◆ TASK TO COMPLETE ◆
From the line containing "HyperX Клавіатура Alloy" down to the final line of the entries below, quote every line verbatim. Exclude pictures.

=== Begin Enclosure ===

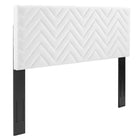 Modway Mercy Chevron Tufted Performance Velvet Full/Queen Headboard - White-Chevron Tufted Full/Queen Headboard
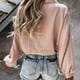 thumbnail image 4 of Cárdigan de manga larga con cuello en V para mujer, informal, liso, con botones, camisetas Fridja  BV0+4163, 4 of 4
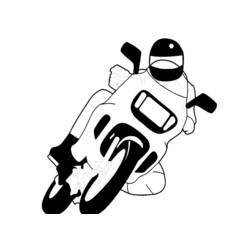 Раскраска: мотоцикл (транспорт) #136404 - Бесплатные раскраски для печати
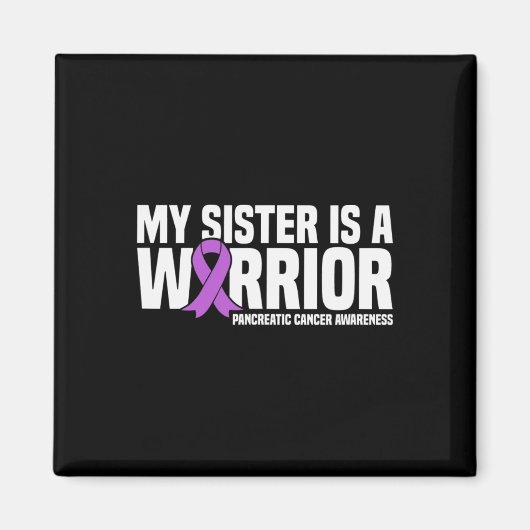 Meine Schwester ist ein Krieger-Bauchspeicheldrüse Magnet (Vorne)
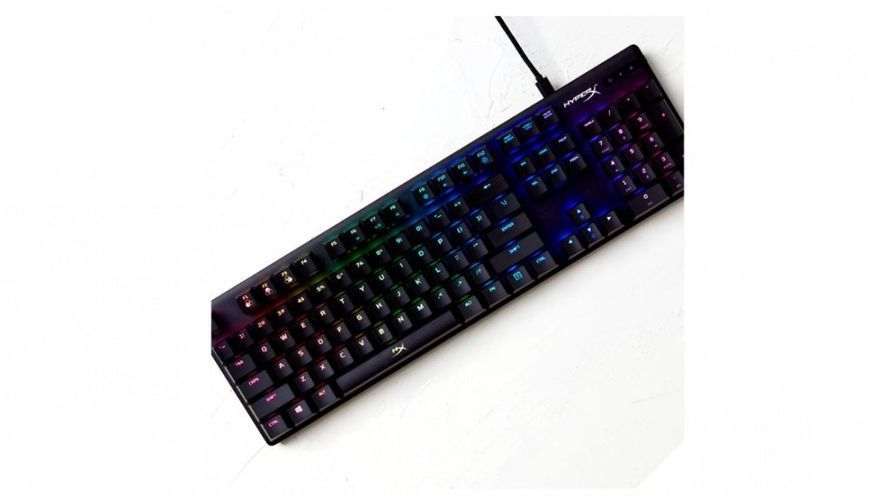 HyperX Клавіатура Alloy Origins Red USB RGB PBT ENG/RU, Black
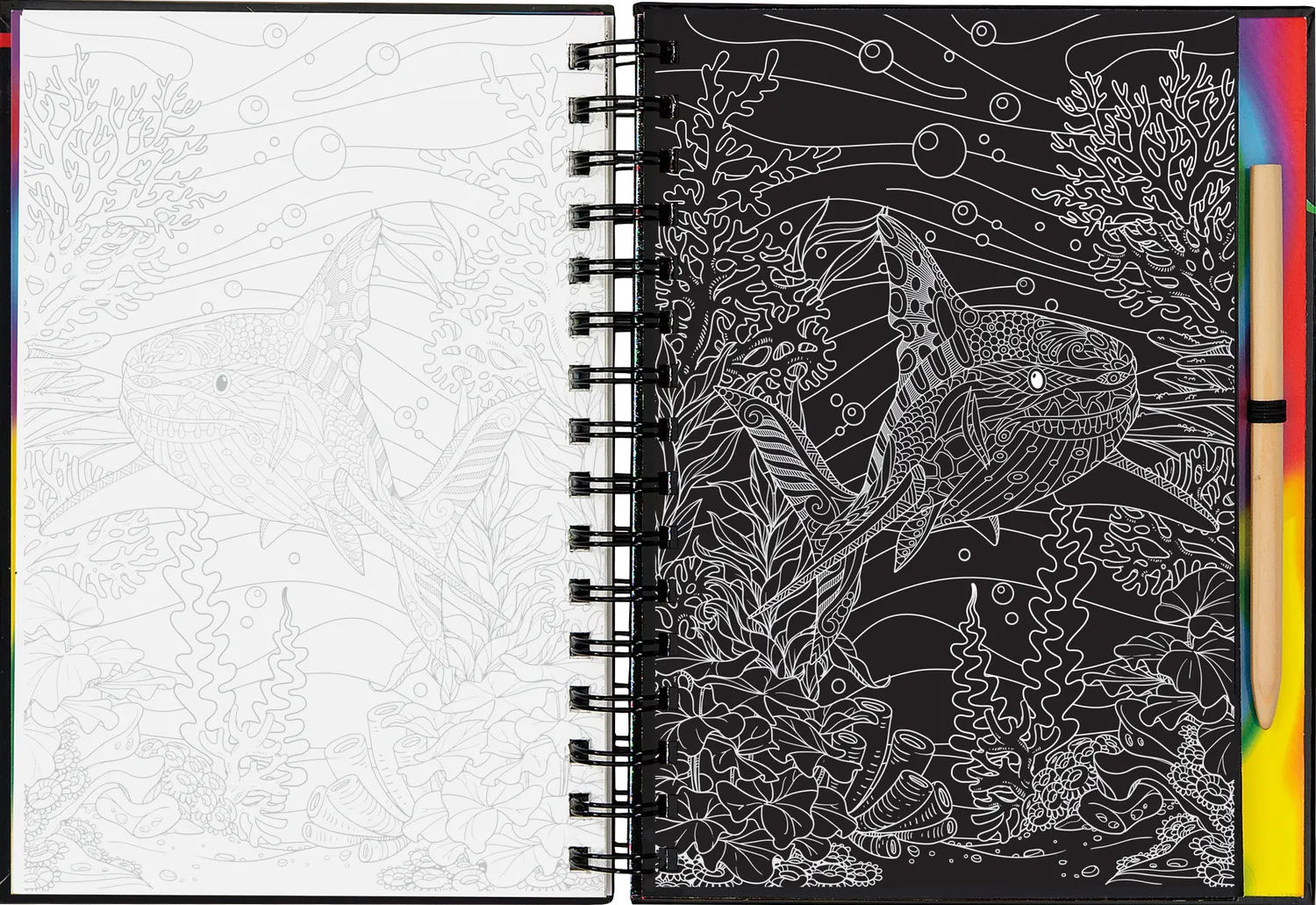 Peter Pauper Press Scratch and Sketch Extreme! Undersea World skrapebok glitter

=== End Enclosure ===

◆ ANSWER TO THIS TASK ◆
 HyperX Клавіатура Alloy Origins Red USB RGB PBT ENG/RU, Black
 Peter Pauper Press Scratch and Sketch Extreme! Undersea World skrapebok glitter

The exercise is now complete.